Un gran lavoro di sceneggiatura e di montaggio permette al film sia di superare l’impasse che verso la metà sembrava averne un po’ disperso la forza coinvolgente sia di imboccare decisamente la strada del noir, che, con crescente tensione, riesce in qualche misura, sorprendentemente, a rovesciare il punto di vista del narratore, inizialmente dalla parte dei bambini, infine incerto nel giudizio, come è giusto che sia, visto che nessuno è davvero buono, e che tutti si rivelano vittime e carnefici in un sistema perverso, profondamente da cambiare.

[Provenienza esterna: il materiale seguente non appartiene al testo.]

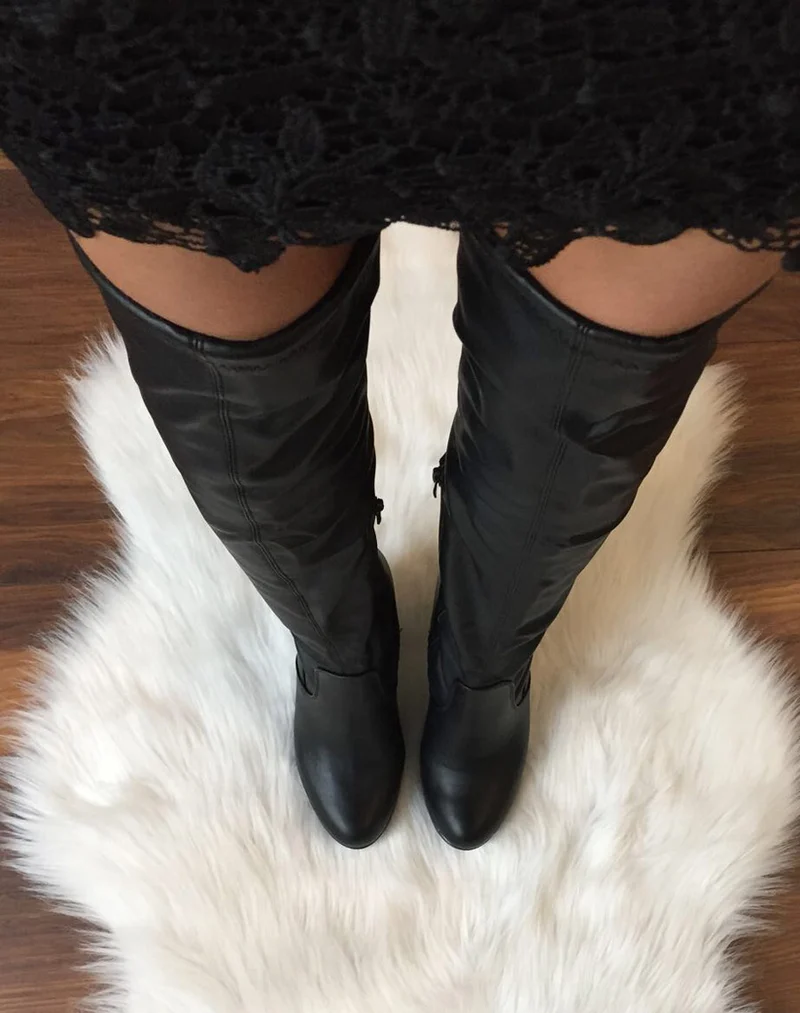 Cuissardes noires à talons hauts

Victor Hugo, sullo sfondo – ma ancora molto presente – nei luoghi di Gavroche e di Valjean tuonava  contro i cattivi coltivatori; oggi, per risolvere quegli enormi problemi vanno individuati i cattivi maestri, i seminatori dell’odio, con lucida disposizione della mente, che non deve illudersi, ma col cuore vicino al dolore degli umiliati, per umanità, evitando il coagularsi dell'odio e la realtà esplosiva con la quale tutti, prima o poi, saremmo costretti a fare i conti.